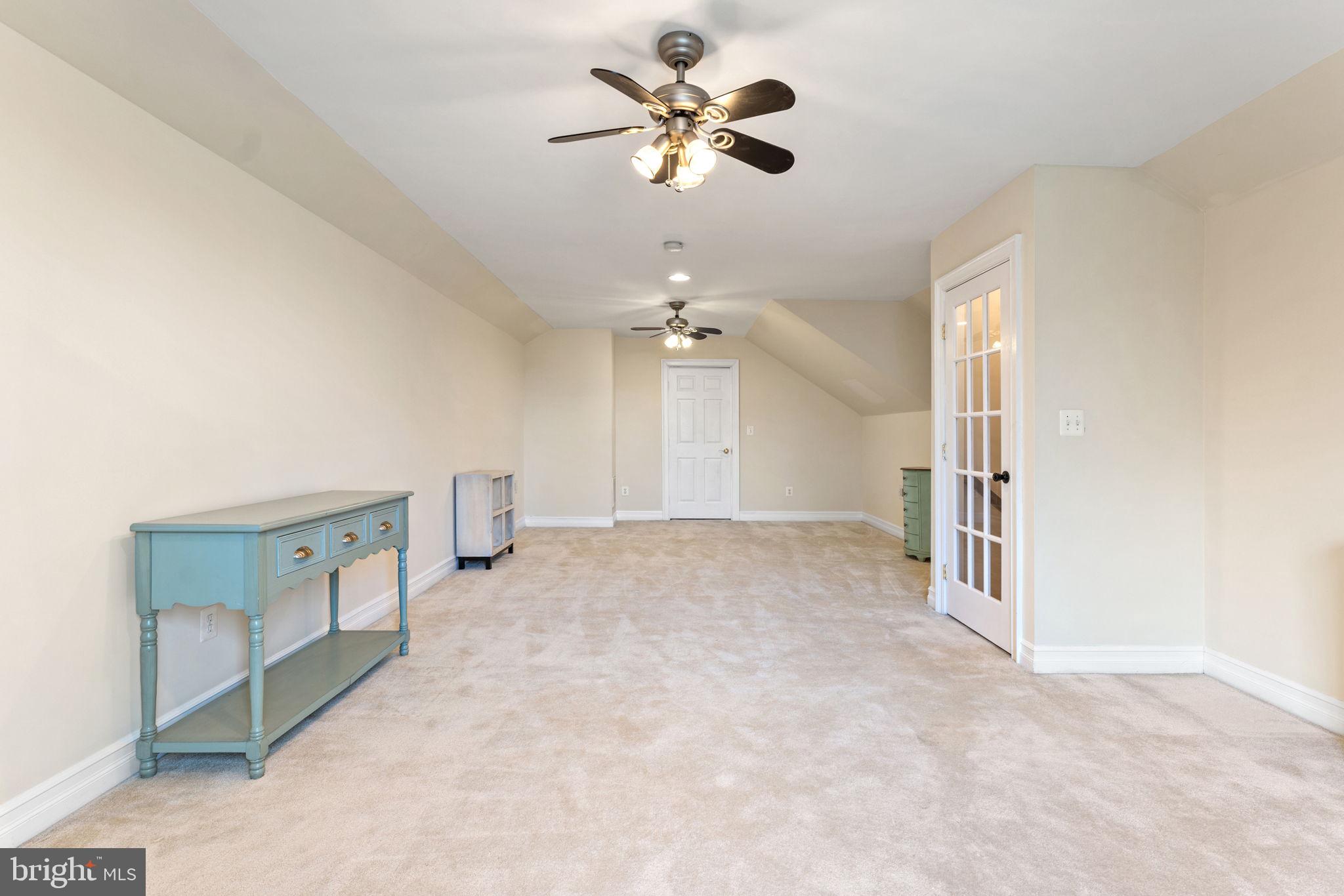 5005 Ridgewood Road Alexandria, VA 22312 - Photo 63 of 77 Bonus rm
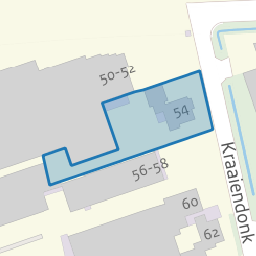 Perceel BKL05-D-3140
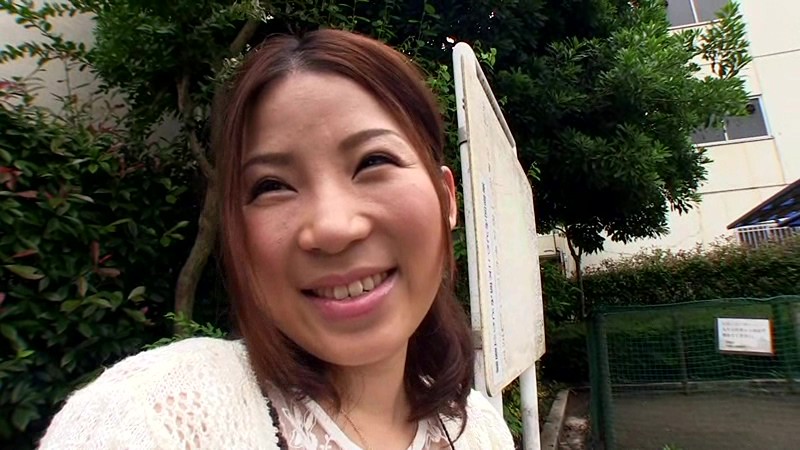 有田ももか画像21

• _Work request_
Only the pictures are to be left out; repeat all other material exactly.

• _Completed exercise_
 5005 Ridgewood Road Alexandria, VA 22312 - Photo 63 of 77 Bonus rm
 Perceel BKL05-D-3140
 有田ももか画像21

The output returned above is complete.